The Preliminary Decision Memorandum is a public document and is on file electronically via Enforcement and Compliance's Antidumping and Countervailing Duty Centralized Electronic Service System (ACCESS). ACCESS is available to registered users at https://access.trade.gov,, and to all parties in the Central Records Unit, room B8024 of the main Department of Commerce building. In addition, a complete version of the Preliminary Decision Memorandum can be accessed directly at http://enforcement.trade.gov/frn/. The signed and the electronic versions of the Preliminary Decision Memorandum are identical in content.

Preliminary Results of Review

The Department preliminarily determines that the five companies under review, China Hailiang, Hong Kong Hailiang, Shanghai Hailiang, and Zhejiang Hailiang, failed to demonstrate eligibility for a separate rate. In making our findings, two of the five companies, China Hailiang and Shanghai Hailiang Trading, did not submit no shipment letters or separate rate applications/certifications by the specified deadlines, and, as noted above, Hong Kong Hailiang, Shanghai Hailiang, and Zhejiang Hailiang, notified the Department that they would not be participating in this review and also did not submit no shipment letters or separate rate applications/certifications by the specified deadlines. Accordingly, these five companies did not demonstrate that they are each entitled to a separate rate. Thus, we consider all five companies to be part of the PRC-Wide Entity. The rate previously established for the PRC-wide entity is 60.82 percent.

See Preliminary Decision Memorandum, at 4-5. Pursuant to the Department's change in practice, the Department no longer considers the NME entity as an exporter conditionally subject to administrative reviews. See Antidumping Proceedings: Announcement of Change in Department Practice for Respondent Selection in Antidumping Duty Proceedings and Conditional Review of the Nonmarket Economy Entity in NME Antidumping Duty Proceedings, 78 FR 65963, 65970 (November 4, 2013). Under this practice, the NME entity will not be under review unless a party specifically requests, or the Department self-initiates, a review of the entity. Because no party requested a review of the entity, the entity is not under review and the entity's rate is not subject to change.

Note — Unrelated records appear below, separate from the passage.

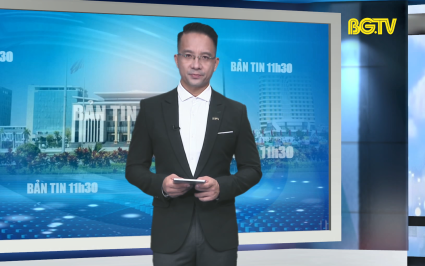 Thời sự THBG trưa ng&agrave;y 04-10-2023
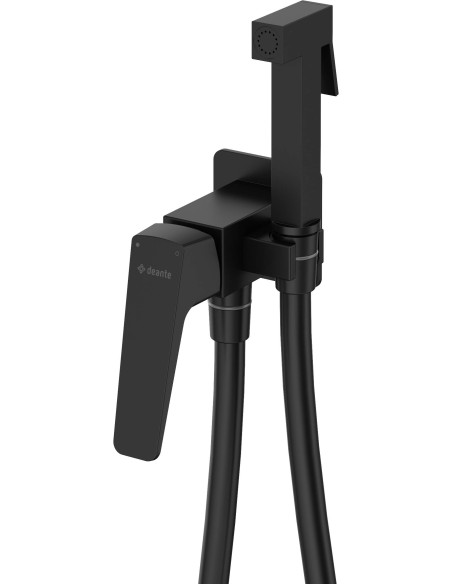 Deante Blur bidē krāns, slēpts BQL_N34M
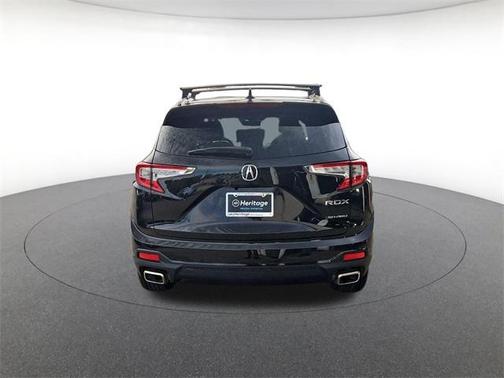2024 Acura RDX Base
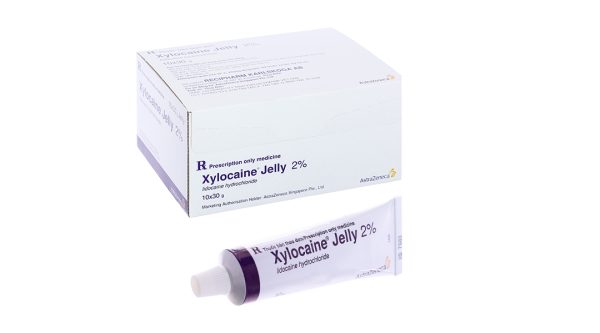 Xylocaine Jelly 2%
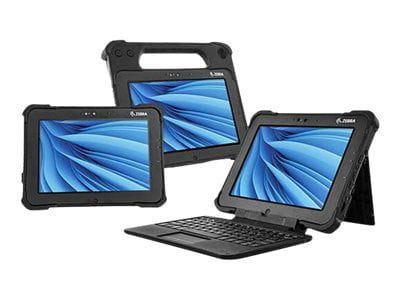 Zebra Tablets RTL10C1-3A12X1X 2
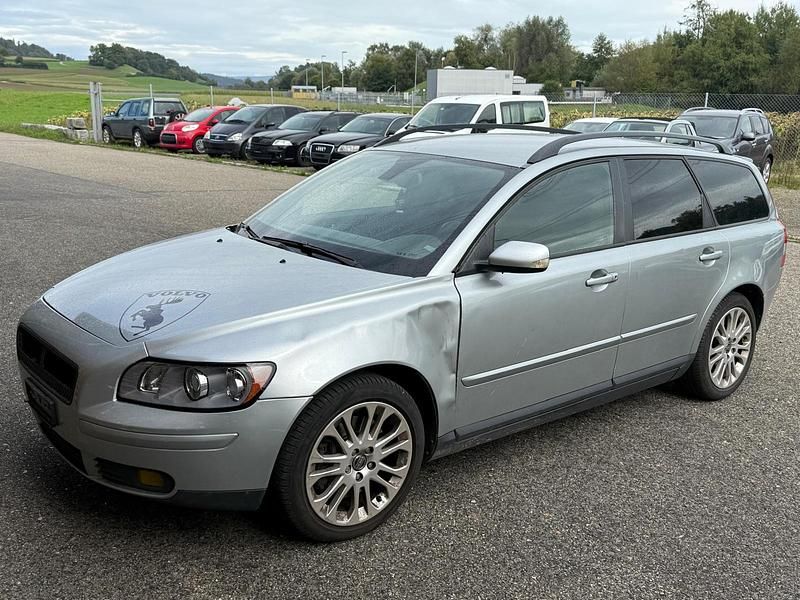 Gebraucht Volvo V50 220 PS (161 kW) 2006 Kombi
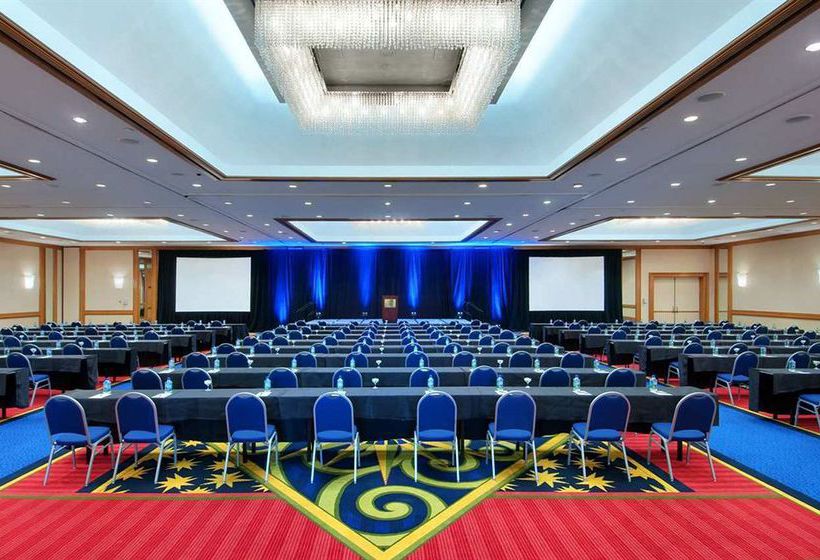 DoubleTree by Hilton Hotel Tulsa - Warren Place  | Tulsa | Oklahoma | United States 11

The rate for the PRC-Wide Entity was first assigned in the original investigation, see Seamless Refined Copper Pipe and Tube from the People's Republic of China: Final Determination of Sales at Less Than Fair Value, 75 FR 60725 (October 1, 2010). This rate has been used in each subsequent administrative review in which there was a party being considered as part of the PRC-Wide Entity.

Disclosure

Normally, the Department discloses to interested parties the calculations performed in connection with the preliminary results within five days of its public announcement or, if there is no public announcement, within five days of the date of publication of this notice in accordance with 19 CFR 351.224(b). However, because the Department preliminarily determined that the five remaining companies under review are part of the PRC-wide entity, there are no calculations to disclose.

Public Comment

Case briefs or other written comments may be submitted to the Assistant Secretary for Enforcement and Compliance no later than 50 days after the date of publication of these preliminary results, unless the Secretary alters the time limit. Rebuttal briefs, limited to issues raised in case briefs, may be submitted no later than five days after the deadline date for case briefs. Pursuant to 19 CFR 351.309(c)(2) and (d)(2), parties who submit case briefs or rebuttal briefs in this investigation are encouraged to submit with each argument: (1) A statement of the issue; (2) a brief summary of the argument; and (3) a table of authorities.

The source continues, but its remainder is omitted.